# Who is your favorite chocolate maker?



## catciao (Jan 23, 2002)

I'm doing research on global chocolatiers and I would like to know who you think produces the best chocolate and why. I'd especially like to know of any small producers from countries other than France and Italy. Hey, but if Valrhona is your favorite, tell me why you prefer it over others brands.


----------



## headless chicken (Apr 28, 2003)

I've only used Nestle's Noir, Lindt, and Valrhona and I like them all for different reasons.

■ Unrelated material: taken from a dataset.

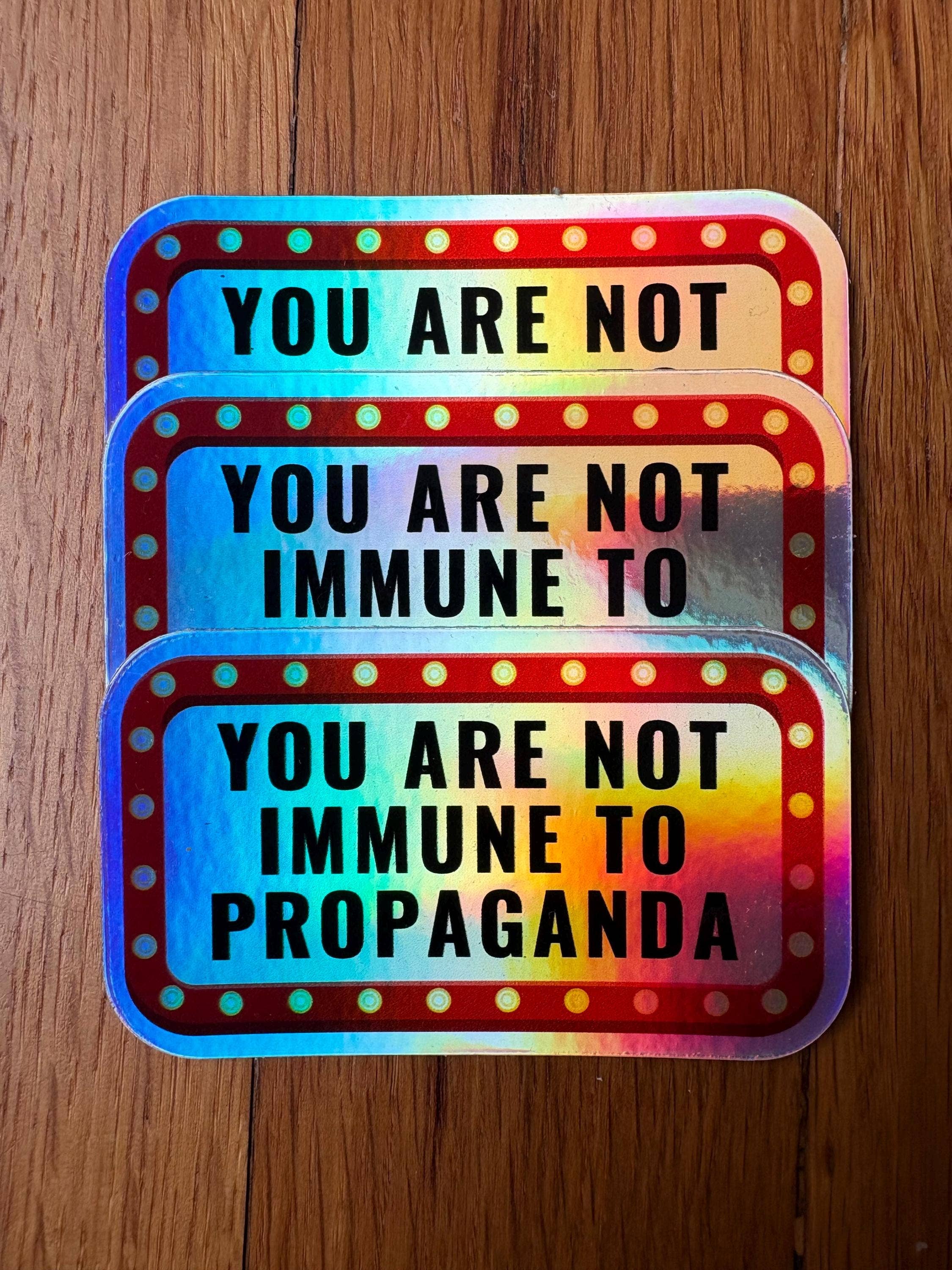 Anna Liz Heart Designs - Wholesale Sticker - Activist Vinyl Sticker – You Are Not Immune To Propaganda7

Noir - inexpensive, good flavor (for the $ you pay for), I had easy access to it until recently when the Nestle's Company Store stopped carrying it
Lindts - used this in school and its smooth, good flavor, relativily inexpensive, I can purchase in bulk quantities from my college
Valrona - best flavor and variety (chocolate from different regions of the worl), my beef is that its really expensive.


----------



## artameates (Mar 10, 2004)

In Cooks Illustrated, they rated cocoa powders. Dutch processed was prefered over natural in hot chocolate, pudding, shortbread, devils food cake and pudding cake testings. Thourough, arent they...

Best Dutch pro.
1. Callebaut (Best overall)
2. Hersheys european style (best value)
3 droste
4 schkinag
5 valrhona

Best natural
1 merckens
2 hersheys
3 nestles toll house
4 ghirardelli
5 scharffen berger


----------



## phishstyx (May 21, 2003)

I use Callebaut almost exclusively. I'm in a remote area with not the greatest resources available but I can order Callebaut in large quantities for a fairly reasonable cost considering what most quality chocolate costs. I love Callebaut for eating and that's my main test for whether or not I want to use something in the kitchen. I like Lindt (not as well as Callebaut but it's still very good) but don't have a source for bulk quantities and it's too expensive buying even the large bars in quantity locally. Valrhona is excellent as well but is definitely cost prohibitive here for large scale use.


----------



## coquille (Feb 16, 2004)

Dutch processed was prefered over natural 

thanks for the vote of confidence but callebaut is Belgium.....


----------



## rachel (Oct 27, 2001)

In terms of chocolatiers my favourite is Enric Rovira from Barcelona. Does chocolate in tile shapes like the slabs on Barcelona streets, fabulous chocolate flakes for hot chocolate and has a web-site which is under construction
http://www.enricrovira.com/


----------



## madl (Mar 6, 2005)

the best chocolate for me is Valrhona
but the best chocolate maker is ---> *MADL* from Austria


----------



## mikeb (Jun 29, 2004)

Barry Callebaut is the one I use most, it's very good.


----------